Try it = From the entries that follow, copy exactly the lines beginning at the line holding "El Centro de" and continuing through the line holding "2017 Infiniti QX30".

Stored data =
-------

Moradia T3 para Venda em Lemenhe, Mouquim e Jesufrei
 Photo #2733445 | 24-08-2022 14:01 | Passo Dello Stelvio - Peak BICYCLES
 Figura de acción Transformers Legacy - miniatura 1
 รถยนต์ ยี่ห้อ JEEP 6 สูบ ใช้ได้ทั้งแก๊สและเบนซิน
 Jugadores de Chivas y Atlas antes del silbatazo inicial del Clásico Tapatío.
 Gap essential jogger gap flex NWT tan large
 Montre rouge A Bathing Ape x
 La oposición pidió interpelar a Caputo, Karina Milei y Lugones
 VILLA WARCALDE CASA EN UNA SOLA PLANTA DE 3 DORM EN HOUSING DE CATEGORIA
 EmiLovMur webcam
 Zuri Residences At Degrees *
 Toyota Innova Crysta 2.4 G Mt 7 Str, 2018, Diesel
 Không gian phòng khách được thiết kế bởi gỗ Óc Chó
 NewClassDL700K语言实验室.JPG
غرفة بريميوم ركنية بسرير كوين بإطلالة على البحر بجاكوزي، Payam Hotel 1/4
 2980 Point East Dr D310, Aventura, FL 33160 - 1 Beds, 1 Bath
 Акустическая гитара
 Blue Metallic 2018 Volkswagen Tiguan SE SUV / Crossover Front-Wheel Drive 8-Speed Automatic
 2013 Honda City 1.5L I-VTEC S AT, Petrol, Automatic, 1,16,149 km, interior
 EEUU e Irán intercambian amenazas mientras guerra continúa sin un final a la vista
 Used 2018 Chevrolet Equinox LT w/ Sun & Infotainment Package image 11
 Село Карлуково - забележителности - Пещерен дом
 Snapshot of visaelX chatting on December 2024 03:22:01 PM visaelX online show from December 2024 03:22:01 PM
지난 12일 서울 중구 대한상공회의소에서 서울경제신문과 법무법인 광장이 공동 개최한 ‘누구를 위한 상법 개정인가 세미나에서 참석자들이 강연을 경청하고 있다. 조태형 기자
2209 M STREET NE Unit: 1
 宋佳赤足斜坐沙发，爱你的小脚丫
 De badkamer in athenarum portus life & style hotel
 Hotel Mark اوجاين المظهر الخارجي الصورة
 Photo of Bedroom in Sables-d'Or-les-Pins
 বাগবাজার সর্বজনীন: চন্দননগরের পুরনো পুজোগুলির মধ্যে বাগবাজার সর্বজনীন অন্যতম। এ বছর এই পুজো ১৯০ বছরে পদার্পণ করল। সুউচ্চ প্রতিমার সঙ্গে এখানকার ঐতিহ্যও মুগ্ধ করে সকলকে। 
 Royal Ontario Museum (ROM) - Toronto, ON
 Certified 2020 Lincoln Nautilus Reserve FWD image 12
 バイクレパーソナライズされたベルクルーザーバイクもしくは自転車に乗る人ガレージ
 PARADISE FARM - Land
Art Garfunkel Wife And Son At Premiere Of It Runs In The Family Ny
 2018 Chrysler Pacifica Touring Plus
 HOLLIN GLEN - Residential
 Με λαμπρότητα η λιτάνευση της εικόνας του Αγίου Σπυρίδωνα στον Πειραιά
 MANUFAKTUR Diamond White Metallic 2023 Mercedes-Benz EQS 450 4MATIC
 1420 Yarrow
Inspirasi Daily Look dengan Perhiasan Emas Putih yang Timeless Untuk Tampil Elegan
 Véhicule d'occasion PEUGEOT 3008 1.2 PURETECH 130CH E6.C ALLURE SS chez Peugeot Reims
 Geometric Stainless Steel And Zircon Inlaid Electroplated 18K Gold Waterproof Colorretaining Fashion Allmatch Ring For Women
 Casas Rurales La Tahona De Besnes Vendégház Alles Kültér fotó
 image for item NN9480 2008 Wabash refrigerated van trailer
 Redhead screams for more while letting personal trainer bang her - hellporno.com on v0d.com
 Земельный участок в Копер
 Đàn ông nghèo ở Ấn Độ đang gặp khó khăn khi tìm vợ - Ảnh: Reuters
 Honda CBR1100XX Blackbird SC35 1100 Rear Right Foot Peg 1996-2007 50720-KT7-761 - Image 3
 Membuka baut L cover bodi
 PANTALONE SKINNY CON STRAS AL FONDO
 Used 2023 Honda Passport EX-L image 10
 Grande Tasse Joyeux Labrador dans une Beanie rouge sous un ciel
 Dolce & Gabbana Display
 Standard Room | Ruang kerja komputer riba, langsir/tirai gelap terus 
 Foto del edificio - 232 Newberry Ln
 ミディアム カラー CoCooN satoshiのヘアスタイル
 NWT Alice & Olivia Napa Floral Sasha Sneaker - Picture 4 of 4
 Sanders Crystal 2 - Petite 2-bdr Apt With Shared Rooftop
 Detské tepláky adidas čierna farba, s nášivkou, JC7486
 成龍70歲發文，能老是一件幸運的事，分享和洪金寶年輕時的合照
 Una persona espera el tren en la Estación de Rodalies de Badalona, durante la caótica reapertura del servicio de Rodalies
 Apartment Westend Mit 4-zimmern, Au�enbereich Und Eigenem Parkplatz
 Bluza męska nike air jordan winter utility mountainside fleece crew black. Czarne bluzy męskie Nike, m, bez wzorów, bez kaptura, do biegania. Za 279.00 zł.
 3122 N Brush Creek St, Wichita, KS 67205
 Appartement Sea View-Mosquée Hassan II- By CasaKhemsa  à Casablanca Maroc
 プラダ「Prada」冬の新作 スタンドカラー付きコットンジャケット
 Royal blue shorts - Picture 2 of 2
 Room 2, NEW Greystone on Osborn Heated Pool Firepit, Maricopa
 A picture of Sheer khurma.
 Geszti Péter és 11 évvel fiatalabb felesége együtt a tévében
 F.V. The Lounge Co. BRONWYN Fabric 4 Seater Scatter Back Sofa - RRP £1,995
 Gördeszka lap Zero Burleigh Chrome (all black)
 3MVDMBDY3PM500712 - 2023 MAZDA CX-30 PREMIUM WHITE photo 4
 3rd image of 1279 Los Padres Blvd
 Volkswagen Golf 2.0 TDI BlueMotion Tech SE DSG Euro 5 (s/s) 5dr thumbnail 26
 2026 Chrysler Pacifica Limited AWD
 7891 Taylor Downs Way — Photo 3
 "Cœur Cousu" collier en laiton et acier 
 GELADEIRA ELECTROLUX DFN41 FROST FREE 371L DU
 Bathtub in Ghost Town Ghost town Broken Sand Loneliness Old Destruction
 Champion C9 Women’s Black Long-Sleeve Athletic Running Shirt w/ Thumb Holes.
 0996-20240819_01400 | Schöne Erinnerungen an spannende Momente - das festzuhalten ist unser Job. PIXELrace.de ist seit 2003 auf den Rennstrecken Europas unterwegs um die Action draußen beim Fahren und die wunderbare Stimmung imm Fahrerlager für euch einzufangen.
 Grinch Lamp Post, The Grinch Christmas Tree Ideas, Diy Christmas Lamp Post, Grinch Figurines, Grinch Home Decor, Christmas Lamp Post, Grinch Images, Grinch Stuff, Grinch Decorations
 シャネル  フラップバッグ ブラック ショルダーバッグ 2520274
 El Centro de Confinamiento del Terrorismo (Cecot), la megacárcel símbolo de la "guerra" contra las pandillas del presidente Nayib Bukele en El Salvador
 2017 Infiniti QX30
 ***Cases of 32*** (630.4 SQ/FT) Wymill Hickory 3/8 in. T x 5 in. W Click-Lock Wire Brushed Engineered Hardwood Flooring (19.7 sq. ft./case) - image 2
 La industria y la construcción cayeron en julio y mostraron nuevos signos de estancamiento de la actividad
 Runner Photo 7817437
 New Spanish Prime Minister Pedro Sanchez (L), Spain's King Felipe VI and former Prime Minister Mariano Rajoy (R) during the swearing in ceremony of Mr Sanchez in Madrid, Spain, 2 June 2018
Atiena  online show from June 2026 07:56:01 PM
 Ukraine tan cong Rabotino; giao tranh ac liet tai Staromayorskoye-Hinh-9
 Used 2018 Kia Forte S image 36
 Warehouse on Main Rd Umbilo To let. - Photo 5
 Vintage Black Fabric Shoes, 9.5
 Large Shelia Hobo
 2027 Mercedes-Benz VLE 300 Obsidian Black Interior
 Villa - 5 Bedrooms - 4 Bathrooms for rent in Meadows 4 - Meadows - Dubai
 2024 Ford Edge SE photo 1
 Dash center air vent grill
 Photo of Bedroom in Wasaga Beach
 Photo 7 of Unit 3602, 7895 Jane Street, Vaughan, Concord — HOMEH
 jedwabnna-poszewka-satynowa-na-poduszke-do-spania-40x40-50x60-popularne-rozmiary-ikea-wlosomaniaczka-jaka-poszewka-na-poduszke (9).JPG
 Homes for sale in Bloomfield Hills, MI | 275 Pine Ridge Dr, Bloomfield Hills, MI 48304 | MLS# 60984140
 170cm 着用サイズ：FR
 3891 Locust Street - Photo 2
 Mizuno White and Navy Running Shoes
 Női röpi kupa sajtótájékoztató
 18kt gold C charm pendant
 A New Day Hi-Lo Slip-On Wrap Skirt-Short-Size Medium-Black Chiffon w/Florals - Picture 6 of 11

-------

Written answer =
 El Centro de Confinamiento del Terrorismo (Cecot), la megacárcel símbolo de la "guerra" contra las pandillas del presidente Nayib Bukele en El Salvador
 2017 Infiniti QX30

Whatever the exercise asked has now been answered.